Scraped caption text data:

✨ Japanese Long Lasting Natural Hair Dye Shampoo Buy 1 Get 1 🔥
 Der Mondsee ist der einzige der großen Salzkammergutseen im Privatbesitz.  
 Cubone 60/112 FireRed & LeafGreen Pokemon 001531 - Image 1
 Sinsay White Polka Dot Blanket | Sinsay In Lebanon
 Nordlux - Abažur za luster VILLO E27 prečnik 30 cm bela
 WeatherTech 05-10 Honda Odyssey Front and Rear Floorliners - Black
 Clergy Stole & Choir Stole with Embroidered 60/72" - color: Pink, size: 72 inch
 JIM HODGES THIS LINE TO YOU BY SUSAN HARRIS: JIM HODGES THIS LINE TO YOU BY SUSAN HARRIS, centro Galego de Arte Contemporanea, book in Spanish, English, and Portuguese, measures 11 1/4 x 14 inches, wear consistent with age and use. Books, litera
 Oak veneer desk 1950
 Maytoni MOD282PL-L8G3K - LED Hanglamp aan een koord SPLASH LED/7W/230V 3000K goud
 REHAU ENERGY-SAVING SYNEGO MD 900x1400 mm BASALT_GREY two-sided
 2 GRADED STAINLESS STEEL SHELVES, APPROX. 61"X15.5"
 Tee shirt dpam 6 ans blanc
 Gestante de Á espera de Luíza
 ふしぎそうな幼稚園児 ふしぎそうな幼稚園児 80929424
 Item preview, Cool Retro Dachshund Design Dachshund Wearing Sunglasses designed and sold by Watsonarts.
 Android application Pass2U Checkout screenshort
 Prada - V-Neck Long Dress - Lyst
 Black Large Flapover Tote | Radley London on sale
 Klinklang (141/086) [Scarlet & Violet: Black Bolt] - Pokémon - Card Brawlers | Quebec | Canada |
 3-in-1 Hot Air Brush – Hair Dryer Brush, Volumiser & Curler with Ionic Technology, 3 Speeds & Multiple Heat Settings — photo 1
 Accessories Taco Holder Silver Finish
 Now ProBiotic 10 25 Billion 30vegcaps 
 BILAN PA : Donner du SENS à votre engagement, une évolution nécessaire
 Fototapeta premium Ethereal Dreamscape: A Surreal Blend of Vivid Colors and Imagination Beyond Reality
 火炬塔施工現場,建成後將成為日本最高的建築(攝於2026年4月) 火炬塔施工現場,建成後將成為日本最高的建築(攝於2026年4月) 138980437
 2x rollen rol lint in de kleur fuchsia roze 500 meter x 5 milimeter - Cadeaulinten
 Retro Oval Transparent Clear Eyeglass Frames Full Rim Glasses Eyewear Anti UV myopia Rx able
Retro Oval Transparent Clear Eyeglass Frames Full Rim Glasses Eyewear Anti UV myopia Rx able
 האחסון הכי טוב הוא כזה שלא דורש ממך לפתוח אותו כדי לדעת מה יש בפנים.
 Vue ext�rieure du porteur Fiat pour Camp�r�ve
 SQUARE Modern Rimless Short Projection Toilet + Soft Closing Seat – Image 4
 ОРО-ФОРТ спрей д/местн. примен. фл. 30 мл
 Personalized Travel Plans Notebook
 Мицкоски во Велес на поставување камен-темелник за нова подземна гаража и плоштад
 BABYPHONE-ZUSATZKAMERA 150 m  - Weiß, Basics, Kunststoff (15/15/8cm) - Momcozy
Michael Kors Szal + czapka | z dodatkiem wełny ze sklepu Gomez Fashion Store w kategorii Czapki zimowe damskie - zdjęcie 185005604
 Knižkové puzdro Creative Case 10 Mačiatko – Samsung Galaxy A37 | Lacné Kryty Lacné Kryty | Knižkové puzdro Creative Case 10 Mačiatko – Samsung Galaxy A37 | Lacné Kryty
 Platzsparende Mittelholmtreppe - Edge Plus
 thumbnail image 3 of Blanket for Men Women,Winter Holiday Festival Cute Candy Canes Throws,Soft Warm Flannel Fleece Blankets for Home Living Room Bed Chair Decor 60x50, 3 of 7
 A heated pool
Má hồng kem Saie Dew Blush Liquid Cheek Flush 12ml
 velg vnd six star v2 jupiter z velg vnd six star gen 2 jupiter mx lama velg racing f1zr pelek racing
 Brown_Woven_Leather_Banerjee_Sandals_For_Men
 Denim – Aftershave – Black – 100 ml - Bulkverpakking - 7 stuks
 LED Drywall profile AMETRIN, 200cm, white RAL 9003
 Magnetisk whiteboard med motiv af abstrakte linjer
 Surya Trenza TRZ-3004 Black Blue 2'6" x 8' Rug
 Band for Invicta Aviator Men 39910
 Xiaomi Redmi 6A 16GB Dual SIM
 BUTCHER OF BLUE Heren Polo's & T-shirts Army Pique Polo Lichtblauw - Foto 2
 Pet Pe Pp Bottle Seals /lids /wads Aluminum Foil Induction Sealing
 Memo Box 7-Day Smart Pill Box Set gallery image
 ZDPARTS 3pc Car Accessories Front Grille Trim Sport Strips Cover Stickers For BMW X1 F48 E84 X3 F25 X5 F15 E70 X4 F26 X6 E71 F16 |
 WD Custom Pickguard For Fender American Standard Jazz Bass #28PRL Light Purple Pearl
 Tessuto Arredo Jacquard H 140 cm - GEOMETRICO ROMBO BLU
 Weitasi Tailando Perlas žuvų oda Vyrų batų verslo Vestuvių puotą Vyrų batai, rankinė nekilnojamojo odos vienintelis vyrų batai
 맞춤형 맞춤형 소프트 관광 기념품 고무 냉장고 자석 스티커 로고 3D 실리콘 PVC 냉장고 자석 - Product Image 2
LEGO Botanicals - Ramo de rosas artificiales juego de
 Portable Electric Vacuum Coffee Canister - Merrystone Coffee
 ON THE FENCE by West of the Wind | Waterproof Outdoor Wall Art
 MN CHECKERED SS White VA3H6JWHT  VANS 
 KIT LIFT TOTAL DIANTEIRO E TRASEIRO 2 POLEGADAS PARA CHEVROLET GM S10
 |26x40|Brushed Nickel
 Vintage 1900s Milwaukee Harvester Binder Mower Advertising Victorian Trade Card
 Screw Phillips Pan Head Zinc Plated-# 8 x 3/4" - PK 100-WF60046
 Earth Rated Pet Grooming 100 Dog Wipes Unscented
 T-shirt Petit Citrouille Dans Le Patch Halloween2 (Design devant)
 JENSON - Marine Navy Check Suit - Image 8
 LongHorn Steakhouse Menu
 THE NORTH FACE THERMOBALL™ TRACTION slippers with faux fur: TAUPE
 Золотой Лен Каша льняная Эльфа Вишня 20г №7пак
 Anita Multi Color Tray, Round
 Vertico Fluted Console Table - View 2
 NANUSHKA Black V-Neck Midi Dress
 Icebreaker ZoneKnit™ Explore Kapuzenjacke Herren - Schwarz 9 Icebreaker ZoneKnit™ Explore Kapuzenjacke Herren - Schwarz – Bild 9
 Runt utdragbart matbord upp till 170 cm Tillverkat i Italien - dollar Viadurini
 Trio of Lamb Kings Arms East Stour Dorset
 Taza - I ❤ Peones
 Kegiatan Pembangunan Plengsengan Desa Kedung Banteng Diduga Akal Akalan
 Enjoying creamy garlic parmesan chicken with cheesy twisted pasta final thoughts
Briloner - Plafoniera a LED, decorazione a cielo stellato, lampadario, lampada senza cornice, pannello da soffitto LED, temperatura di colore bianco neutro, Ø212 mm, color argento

● Task description
Filter the records down to the lines containing the word "Neck", and copy those.

● Solution to the exercise
 Prada - V-Neck Long Dress - Lyst
 NANUSHKA Black V-Neck Midi Dress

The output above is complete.